- Film poster
- Directed by: Mike Nicoll
- Written by: Mike Nicoll
- Produced by: Ian Ward
- Edited by: Daniel Freedman Evan Schrodek
- Music by: Alexis Marsh Samuel Jones
- Production company: Sony Pictures
- Distributed by: XLrator Media
- Release date: September 30, 2016;
- Running time: 100 minutes
- Country: United States
- Language: English

= At All Costs (film) =

At All Costs is a 2016 documentary film that explores how the AAU basketball circuit has professionalized youth basketball in America. As the business of youth basketball balloons into a multi-billion dollar industry, the stakes for finding "the next big thing" have never been higher. The film follows a highly ranked high-school recruit, his family, and a competitive AAU team as they travel the country playing in marquee tournaments, competing against top-tier athletes, fighting to make it to the next level.

== Synopsis ==
The main subjects of the documentary are Etop "Tope" Udo-Ema, founder and CEO of the successful Compton Magic AAU program, and Parker Jackson-Cartwright, a high school basketball player who is hoping for a Division I basketball scholarship. Through these subjects, different aspects of the AAU basketball world are explored. Interviews with experts on high school and college basketball are interspersed throughout the film to better explain the importance of AAU basketball and its change over time.

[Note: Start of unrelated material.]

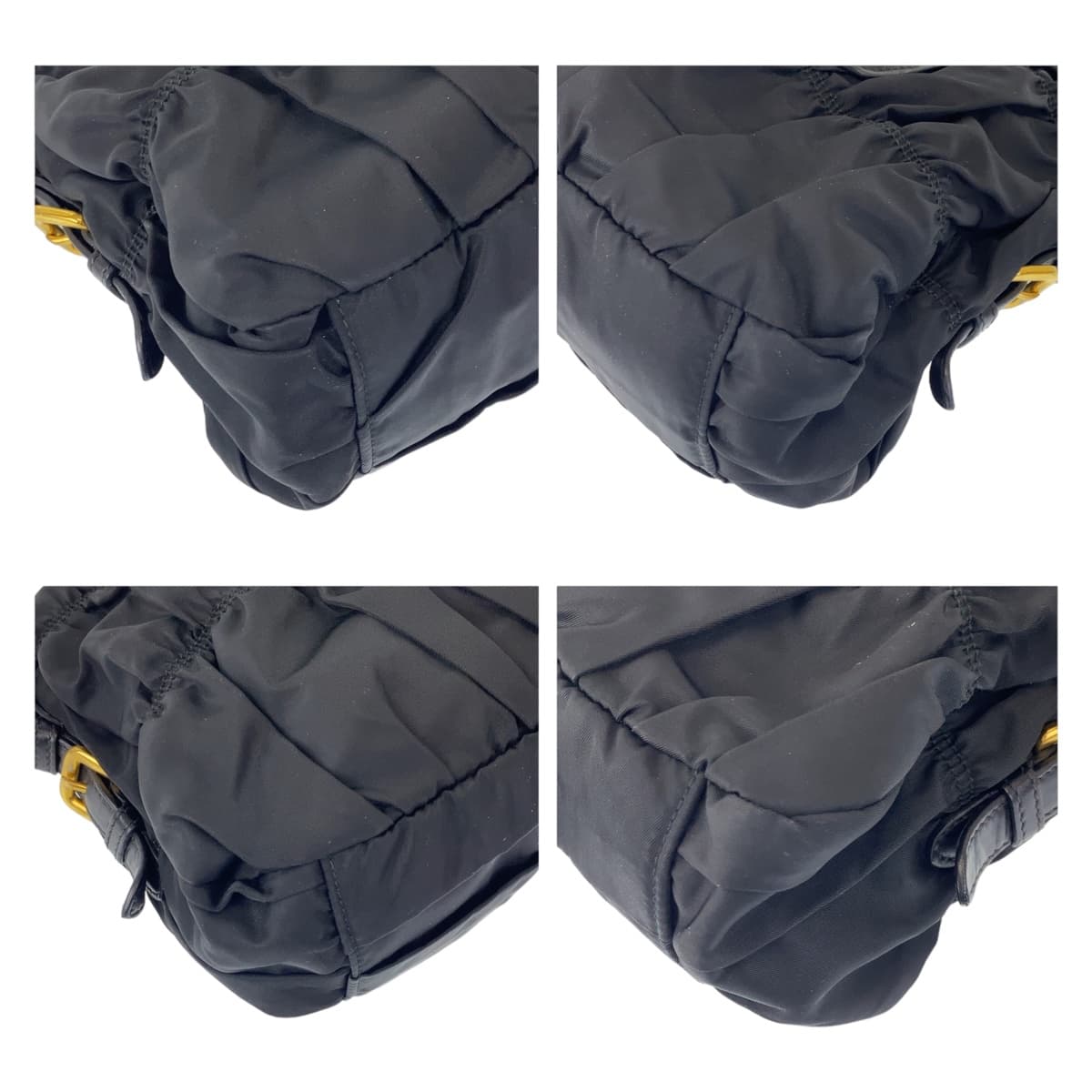 PRADA Prada Tessuto Black Gold Hardware Nylon/Leather Shoulder Bag Handbag 2WAY Women's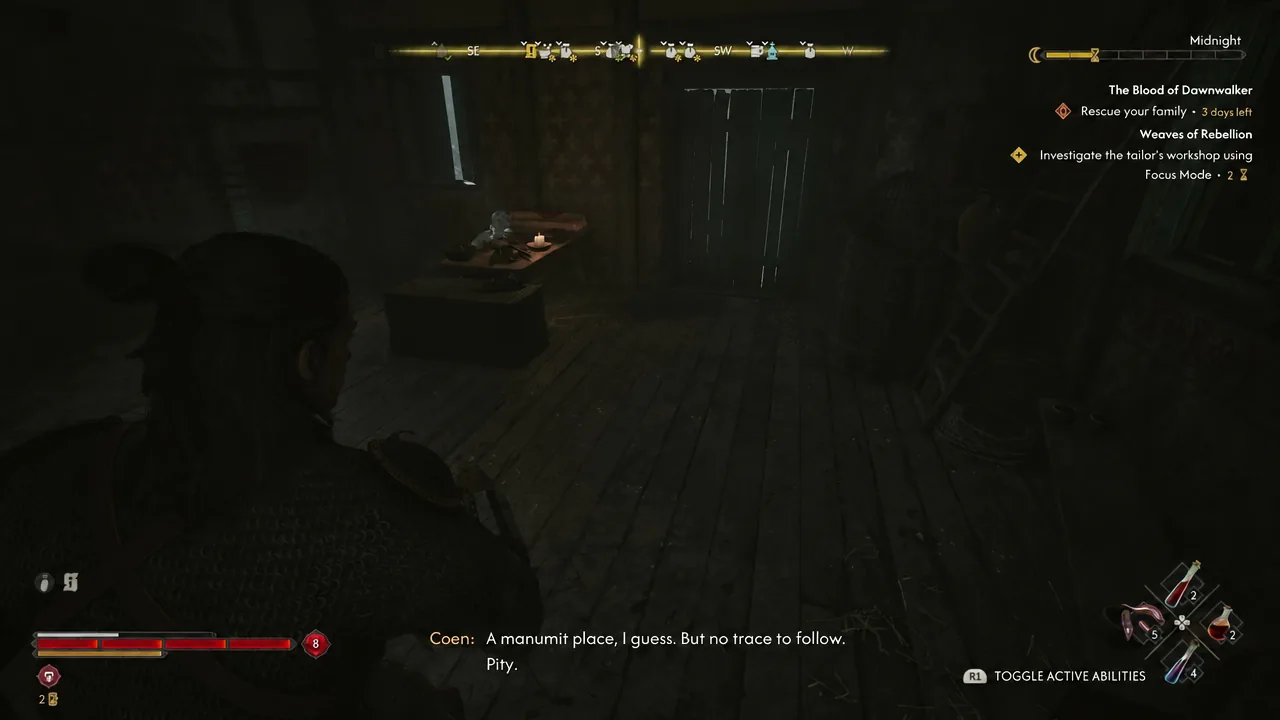 Quest tracker reading Investigate the tailor's workshop using Focus Mode while Coen searches the dark room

Tope is concerned with building his team's "brand". He impresses on his players that they need to work hard and win games to further the brand of Compton Magic. The purpose is both to grab the attention of college coaches for the players and of middle school recruits for Tope. Tope's assistants search for middle schoolers that could play for the Compton Magic, finding out about their family situations and visiting their homes. They need a supply of talented, highly ranked players in order to win games and renew their contract with their sponsor, Adidas. AAU teams want to be sponsored to receive free gear from shoe companies—Nike, Adidas, and Under Armour—to help them recruit players. Shoe companies want their AAU teams to have the best players to raise the profile of their tournaments and to funnel to the college teams sponsored by their company.

Tope does care for his players, and college coaches know that the AAU coach is often the main person who can sway a recruit's decision. Gabe York's single mother praises the influence that Tope has had on her son, who sleeps at Tope's house for part of the summer. When Gabe complains about his playing time on the Arizona Wildcats, Tope takes responsibility for helping him find a new college team if necessary. His former players say that he is involved in his players' college decisions and families.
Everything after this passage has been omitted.